Coba kita mundur ke tahun 1945. Waktu itu Indonesia baru saja merdeka, tapi belum benar-benar aman. Sekutu datang, NICA ikut numpang, dan aroma mesiu sudah tercium sampai kampung-kampung. Di tengah situasi genting itu, KH. Hasyim Asy’ari — ulama kharismatik, pendiri Nahdlatul Ulama — mengeluarkan Resolusi Jihad. Fatwanya jelas: membela tanah air dari penjajah hukumnya fardhu ‘ain bagi setiap muslim di sekitar medan perang.
Yang menarik, beliau tidak berkata, “Lihat dulu nasabmu siapa,” atau “Kalau bukan dari garis ini, minggir.” Tidak. Yang ada justru ajakan untuk bersatu. Ulama, santri, pedagang, rakyat jelata — semua diminta berdiri di barisan yang sama. Perbedaan mazhab, ormas, bahkan adat daerah, ditahan dulu. Sebab beliau tahu, saat itu kita hanya punya dua pilihan: bersatu atau hancur.
Sekarang bandingkan dengan hari ini. Dulu para ulama memutar otak untuk menyatukan umat demi kemerdekaan. Sekarang, sebagian kita justru memisahkan umat demi memenangkan debat garis keturunan. Padahal kalau kita mau jujur, perpecahan ini tidak akan membuat kita lebih mulia di mata Allah, tapi malah membuka celah untuk pihak yang senang melihat umat tercerai-berai.
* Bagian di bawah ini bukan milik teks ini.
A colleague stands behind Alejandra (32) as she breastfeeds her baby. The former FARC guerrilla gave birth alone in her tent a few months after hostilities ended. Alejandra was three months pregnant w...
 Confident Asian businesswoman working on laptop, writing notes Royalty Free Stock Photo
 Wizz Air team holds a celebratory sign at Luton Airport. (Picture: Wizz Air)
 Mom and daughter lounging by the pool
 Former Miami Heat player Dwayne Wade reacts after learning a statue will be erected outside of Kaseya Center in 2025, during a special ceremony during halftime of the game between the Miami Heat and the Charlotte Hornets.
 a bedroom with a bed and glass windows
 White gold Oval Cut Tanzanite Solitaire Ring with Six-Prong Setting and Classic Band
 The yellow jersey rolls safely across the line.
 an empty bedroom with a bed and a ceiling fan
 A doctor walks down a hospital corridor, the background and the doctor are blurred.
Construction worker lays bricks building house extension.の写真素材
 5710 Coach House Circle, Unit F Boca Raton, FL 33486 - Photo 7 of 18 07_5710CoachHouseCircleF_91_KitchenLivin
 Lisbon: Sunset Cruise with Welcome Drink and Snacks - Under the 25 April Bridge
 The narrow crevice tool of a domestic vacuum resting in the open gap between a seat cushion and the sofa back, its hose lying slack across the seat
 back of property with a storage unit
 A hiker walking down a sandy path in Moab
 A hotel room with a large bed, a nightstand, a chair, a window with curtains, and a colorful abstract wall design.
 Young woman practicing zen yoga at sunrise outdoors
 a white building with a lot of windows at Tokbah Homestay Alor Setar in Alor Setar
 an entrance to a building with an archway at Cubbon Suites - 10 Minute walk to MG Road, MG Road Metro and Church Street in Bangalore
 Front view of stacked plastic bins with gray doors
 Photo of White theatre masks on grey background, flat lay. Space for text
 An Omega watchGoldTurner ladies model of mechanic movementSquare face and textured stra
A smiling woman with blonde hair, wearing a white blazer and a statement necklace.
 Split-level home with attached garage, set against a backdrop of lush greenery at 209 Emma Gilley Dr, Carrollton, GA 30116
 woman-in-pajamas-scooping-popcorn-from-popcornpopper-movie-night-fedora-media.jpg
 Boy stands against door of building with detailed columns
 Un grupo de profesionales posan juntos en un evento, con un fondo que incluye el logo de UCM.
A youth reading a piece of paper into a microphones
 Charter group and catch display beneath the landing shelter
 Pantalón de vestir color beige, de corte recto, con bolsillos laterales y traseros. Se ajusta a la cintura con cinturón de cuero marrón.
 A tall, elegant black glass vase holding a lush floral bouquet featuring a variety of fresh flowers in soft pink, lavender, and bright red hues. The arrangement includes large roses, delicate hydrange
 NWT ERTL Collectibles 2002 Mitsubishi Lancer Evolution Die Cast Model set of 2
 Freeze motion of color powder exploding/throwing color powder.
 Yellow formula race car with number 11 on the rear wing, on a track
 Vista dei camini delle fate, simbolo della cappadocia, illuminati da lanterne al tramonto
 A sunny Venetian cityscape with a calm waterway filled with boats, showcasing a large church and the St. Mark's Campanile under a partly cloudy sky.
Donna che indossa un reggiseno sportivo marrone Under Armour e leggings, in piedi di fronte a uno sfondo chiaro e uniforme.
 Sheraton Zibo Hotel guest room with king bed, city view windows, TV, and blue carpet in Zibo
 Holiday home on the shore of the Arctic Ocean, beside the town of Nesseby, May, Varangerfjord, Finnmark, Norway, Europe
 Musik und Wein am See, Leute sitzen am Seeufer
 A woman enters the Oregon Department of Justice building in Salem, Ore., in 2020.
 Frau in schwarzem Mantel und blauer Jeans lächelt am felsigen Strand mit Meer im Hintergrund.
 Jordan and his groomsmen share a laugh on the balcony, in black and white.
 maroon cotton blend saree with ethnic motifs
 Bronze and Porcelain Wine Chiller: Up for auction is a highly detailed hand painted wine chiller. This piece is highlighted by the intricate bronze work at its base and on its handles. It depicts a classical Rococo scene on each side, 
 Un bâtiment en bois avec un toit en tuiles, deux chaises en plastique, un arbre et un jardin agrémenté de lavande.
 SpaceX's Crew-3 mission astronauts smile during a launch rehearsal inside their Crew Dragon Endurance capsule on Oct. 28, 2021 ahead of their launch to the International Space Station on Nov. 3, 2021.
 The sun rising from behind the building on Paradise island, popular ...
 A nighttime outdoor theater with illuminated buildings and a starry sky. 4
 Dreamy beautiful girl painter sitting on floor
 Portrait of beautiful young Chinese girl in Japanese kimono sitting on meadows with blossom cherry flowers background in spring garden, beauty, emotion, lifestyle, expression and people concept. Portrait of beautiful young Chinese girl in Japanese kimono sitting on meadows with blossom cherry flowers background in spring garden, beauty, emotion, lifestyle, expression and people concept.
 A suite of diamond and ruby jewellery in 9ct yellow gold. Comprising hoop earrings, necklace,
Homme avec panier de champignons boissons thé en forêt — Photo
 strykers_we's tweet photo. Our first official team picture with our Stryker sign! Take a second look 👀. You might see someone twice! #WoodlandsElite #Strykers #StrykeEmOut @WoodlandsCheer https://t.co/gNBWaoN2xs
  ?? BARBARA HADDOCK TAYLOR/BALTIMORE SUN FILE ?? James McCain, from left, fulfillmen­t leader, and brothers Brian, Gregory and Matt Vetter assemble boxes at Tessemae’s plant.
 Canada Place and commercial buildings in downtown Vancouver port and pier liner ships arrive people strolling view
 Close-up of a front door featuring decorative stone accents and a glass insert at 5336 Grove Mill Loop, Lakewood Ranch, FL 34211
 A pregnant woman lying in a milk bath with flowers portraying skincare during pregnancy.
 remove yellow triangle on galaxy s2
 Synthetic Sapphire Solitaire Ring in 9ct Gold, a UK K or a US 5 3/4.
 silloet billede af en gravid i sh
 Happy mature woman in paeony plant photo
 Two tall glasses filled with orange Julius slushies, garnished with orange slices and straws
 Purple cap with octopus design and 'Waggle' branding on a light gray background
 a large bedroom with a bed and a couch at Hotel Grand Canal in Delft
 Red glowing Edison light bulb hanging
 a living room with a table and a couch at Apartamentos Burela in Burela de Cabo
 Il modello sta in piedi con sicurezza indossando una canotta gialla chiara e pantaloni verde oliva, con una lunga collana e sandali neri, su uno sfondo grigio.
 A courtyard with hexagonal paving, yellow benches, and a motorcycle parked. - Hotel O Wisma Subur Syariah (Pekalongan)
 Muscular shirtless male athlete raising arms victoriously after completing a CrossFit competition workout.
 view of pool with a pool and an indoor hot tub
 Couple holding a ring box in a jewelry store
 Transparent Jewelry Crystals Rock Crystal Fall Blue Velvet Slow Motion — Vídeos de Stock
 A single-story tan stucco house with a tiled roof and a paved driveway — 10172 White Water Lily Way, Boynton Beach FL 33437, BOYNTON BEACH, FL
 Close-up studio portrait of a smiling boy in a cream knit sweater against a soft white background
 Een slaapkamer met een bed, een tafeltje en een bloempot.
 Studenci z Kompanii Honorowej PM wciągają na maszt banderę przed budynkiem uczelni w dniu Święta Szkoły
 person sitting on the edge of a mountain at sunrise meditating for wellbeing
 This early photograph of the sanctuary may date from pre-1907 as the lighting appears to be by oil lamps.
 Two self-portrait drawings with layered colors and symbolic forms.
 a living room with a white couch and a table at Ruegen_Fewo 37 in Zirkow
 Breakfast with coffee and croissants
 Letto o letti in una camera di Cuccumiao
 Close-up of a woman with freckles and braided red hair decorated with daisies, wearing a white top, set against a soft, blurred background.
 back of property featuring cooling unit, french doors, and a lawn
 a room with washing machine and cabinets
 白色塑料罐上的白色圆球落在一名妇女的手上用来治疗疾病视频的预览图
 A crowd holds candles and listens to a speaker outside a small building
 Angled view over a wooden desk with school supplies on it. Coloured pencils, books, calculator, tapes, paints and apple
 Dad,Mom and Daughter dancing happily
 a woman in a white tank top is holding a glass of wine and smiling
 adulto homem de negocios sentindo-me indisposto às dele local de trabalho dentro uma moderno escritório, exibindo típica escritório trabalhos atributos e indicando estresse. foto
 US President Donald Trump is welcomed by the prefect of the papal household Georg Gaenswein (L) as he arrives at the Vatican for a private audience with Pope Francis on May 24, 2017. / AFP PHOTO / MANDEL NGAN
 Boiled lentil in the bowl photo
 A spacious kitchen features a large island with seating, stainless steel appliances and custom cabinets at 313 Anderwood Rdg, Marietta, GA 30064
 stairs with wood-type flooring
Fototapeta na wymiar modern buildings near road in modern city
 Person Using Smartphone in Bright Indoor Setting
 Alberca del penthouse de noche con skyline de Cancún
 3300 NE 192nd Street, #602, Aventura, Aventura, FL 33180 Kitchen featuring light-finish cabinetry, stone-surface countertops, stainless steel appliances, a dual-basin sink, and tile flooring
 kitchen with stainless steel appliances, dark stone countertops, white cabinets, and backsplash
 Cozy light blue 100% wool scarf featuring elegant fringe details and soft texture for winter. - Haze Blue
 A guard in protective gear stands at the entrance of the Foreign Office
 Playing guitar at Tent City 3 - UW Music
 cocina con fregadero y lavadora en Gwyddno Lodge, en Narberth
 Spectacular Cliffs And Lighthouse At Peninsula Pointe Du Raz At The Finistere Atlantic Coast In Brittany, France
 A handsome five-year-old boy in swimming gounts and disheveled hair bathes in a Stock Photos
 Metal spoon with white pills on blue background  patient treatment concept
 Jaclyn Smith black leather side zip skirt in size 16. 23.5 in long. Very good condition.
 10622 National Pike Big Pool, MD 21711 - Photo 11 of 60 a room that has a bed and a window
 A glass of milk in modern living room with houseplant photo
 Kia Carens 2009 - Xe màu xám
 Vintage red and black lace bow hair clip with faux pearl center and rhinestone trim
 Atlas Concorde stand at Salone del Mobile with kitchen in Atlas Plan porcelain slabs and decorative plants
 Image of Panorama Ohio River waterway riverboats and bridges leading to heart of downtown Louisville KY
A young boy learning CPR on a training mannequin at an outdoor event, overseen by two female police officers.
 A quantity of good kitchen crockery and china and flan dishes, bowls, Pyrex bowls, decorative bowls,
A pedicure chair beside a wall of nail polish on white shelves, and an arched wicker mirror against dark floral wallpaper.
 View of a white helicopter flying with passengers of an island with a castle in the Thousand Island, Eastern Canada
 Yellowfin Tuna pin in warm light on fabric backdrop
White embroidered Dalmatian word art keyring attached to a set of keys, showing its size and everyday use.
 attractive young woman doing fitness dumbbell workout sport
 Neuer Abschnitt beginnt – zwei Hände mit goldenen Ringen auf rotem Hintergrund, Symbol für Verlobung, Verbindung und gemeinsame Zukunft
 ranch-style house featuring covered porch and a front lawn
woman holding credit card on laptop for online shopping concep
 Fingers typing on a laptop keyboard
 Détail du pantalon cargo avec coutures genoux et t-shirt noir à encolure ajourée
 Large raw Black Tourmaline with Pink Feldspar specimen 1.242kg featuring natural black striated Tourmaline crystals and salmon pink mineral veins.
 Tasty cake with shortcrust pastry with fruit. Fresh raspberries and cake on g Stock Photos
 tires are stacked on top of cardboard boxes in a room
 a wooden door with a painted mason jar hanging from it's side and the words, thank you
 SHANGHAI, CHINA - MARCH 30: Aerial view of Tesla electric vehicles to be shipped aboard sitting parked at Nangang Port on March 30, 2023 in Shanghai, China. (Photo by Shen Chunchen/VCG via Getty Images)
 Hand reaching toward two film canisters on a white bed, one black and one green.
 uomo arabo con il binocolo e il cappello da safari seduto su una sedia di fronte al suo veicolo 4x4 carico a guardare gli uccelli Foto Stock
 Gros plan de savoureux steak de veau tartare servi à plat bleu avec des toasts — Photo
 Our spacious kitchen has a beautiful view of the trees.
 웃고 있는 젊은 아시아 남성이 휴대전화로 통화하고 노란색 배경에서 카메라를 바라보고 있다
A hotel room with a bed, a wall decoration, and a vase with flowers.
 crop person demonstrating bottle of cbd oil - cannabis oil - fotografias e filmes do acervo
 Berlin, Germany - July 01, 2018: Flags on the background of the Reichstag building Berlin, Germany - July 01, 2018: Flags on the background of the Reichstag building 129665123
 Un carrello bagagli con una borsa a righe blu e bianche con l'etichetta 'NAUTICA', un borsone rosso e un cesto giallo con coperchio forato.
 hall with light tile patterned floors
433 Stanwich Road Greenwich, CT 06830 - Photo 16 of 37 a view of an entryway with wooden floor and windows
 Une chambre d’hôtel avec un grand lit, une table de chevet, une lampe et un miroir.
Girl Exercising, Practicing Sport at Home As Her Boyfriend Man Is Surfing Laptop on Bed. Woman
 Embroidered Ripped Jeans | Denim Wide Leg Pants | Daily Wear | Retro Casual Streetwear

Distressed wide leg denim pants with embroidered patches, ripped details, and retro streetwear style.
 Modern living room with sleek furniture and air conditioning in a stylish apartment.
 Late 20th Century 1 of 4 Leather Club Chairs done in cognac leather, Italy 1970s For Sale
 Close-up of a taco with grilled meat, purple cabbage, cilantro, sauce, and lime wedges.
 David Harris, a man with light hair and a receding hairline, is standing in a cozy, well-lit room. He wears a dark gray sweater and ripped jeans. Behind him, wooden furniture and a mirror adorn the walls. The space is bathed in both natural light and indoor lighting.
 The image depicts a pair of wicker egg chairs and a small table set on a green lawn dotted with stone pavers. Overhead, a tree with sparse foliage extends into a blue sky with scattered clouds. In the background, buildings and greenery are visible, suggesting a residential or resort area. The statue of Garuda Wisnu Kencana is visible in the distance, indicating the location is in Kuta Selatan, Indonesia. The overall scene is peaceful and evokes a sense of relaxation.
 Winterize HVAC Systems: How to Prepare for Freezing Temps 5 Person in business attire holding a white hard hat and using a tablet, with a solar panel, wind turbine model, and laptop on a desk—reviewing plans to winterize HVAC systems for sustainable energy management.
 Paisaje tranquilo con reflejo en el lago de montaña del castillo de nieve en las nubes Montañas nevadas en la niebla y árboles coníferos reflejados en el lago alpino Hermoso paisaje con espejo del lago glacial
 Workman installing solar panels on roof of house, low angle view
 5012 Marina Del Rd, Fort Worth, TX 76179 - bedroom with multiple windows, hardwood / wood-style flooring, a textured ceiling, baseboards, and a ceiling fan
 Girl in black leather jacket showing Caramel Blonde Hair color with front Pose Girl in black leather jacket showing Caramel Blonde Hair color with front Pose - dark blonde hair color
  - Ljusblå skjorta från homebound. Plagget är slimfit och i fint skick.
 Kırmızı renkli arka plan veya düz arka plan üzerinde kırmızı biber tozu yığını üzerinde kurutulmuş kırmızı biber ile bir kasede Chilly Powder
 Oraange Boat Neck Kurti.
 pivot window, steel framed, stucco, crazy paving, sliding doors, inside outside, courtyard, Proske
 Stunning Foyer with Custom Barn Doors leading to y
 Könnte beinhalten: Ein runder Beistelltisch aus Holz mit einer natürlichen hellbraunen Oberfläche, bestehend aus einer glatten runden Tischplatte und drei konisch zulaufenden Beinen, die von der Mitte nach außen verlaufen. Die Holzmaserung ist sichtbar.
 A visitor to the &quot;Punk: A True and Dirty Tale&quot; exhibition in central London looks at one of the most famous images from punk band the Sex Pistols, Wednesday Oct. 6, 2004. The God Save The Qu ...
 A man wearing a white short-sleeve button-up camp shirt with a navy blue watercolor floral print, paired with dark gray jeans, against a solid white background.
Bayangkan kalau KH. Hasyim Asy’ari hadir di tengah kita hari ini, melihat perdebatan yang tak kunjung selesai. Mungkin beliau akan memandang kita dengan tatapan teduh, lalu berkata pelan tapi tegas:
> “Nak… dulu kami bertaruh nyawa untuk membuat kalian bisa duduk bersama seperti ini. Jangan habiskan kemerdekaan itu hanya untuk saling menjatuhkan.”
Karena pada akhirnya, garis keturunan tidak akan berarti banyak jika kita kehilangan persaudaraan. Kita ini satu shaf di hadapan Allah, bukan satu barisan di hadapan algoritma media sosial. Perbedaan itu wajar, tapi kalau perbedaan membuat kita lupa saling menghormati, berarti ada yang salah — bukan pada nasab kita, tapi pada hati kita.
Kalau dulu KH. Hasyim Asy’ari bisa menahan ego demi satu tujuan besar, masa kita yang hidup di zaman kopi susu dan internet cepat ini kalah dewasa? Mari kita warisi bukan cuma cerita perjuangannya, tapi juga kebijaksanaan beliau menjaga persatuan.